Calculated transient value is null after deserialisation

Hi,

I run into an error which I do not understand after deserializing with gson.
My usecase is way more complex, but I created this test below which shows the behaviour I see.
The issue is the calculated transient value (allObjs) that is null after deserialisation. The unit test fails on the last assert.
Apparently the @Transient prevents correct initialisation of allObjs after deserialisation.

Is this expected behaviour?
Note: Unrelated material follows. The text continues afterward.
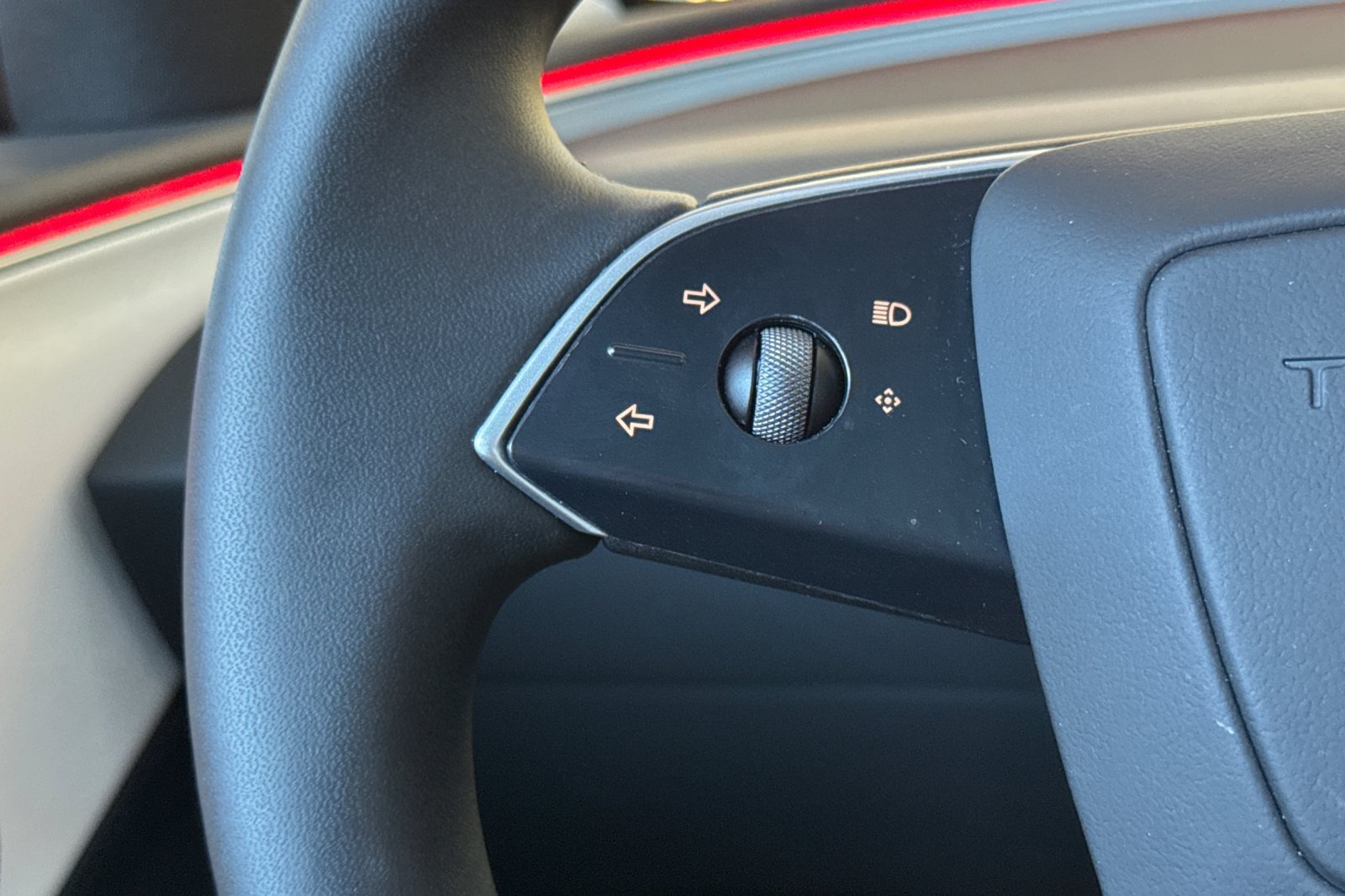 Used 2024 Tesla Model 3 Performance AWD/4WD image 27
Can I do anything to make the field work in this way?

If not then I have to convert all the transient fields to functions like getThemAll(), which does work.

I hope for any insights.

Regards, Rob

class CoupleDeserializeTest {

    data class Couple( val objA: String, val objB: String){
        @Transient
        val allObjs: List<String> = listOf(objA, objB)

        fun getThemAll() = listOf(objA, objB)
    }

    @Test
    fun testDe_SerializeCouple() {

        val couple = Couple("my", "text")

        // This succeeds
        Assert.assertNotNull(couple.allObjs)

        val gson = Gson()
        val json = gson.toJson(couple)

        // This succeeds
        Assert.assertEquals("{\"objA\":\"my\",\"objB\":\"text\"}", json)
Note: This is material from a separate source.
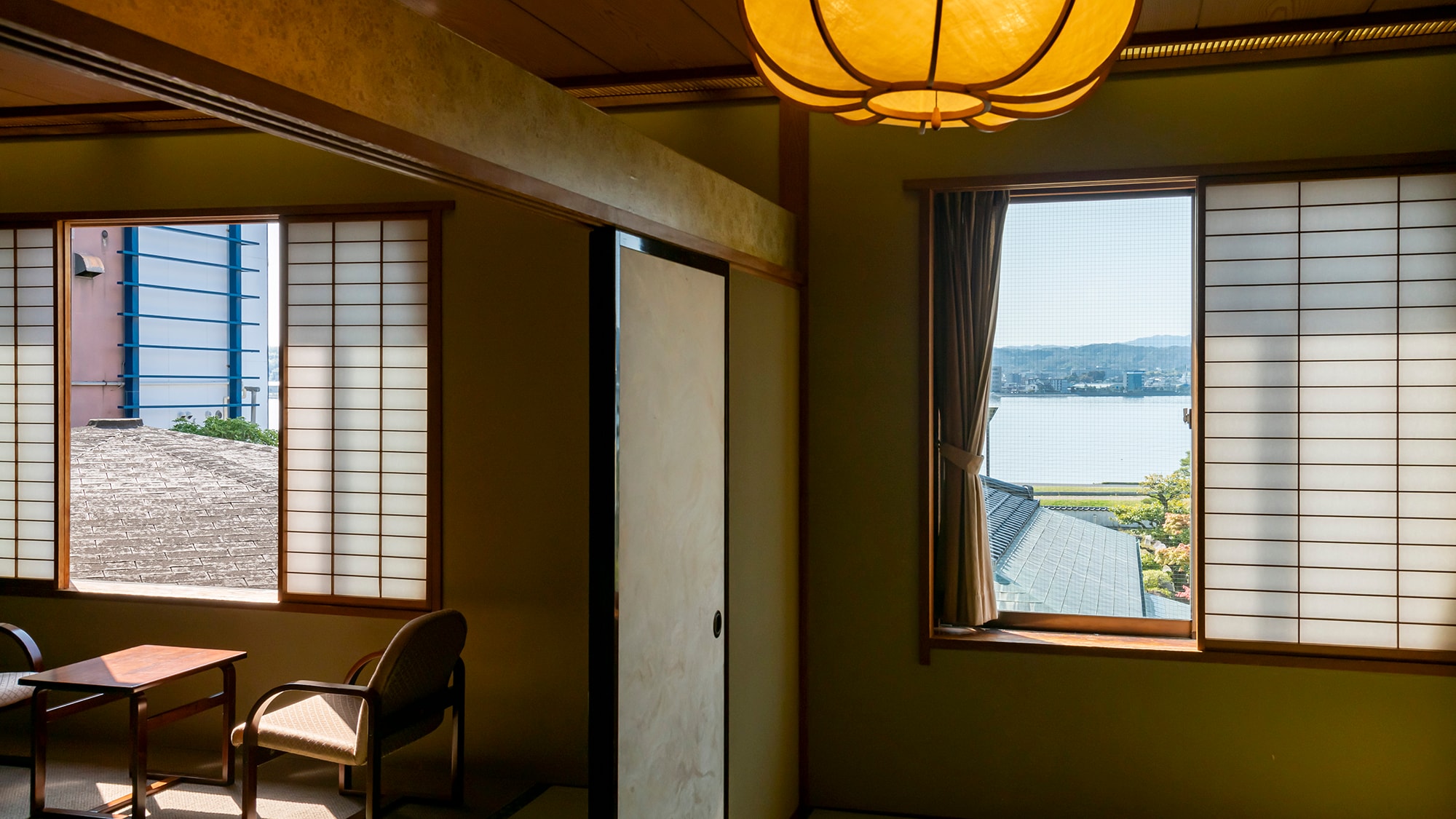 Lake Shinji facing guest room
        val coupleDeserialized = gson.fromJson<Couple>(json, Couple::class.java)

        // This succeeds
        Assert.assertNotNull(coupleDeserialized.getThemAll())

        // This fails
        Assert.assertNotNull(coupleDeserialized.allObjs)
    }
}

It is the expected behavior

That link also tells you how to override that behaviour from Gson.
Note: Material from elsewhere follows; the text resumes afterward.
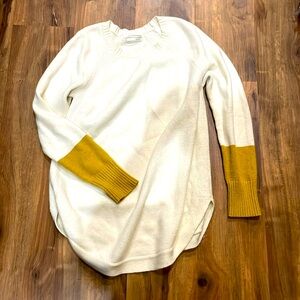 Anthropologie Sweater Medium - Rebekah White and Yellow Tunic Sweater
By the way, why do you need @Transient on that field? Are you using both java serialization and Gson? If so you could drop @Transient and always use Gson.

This is a simplified example of what we have, I added @Transient to avoid serialisation by gson.
And thanks for the guide, I have been using gson for so long that I forgot about exclusion strategies. Not sure If I will go that way.

To understand your answer correct: gson totally circumvents normal initialisation of an instance?

That is because Gson creates instance of Couple with null values (he doesn’t care that Kotlin forbids it :smiley: ) , and after that he sets fields from JSON. You have set up allObjects to have initial values of provided objA, objB … so that initialization captures NULL values.
In this case this can be mitigated by using lazy initialization.

Gson can’t know what were the parameters you passed to the constructor (or which constuctor to call if there are many). It can only know what are the values of the fields of the constructed object.

In your case you can add a getter to allObjs so that also in kotlin reading the field is a method call, like getThemAll is now.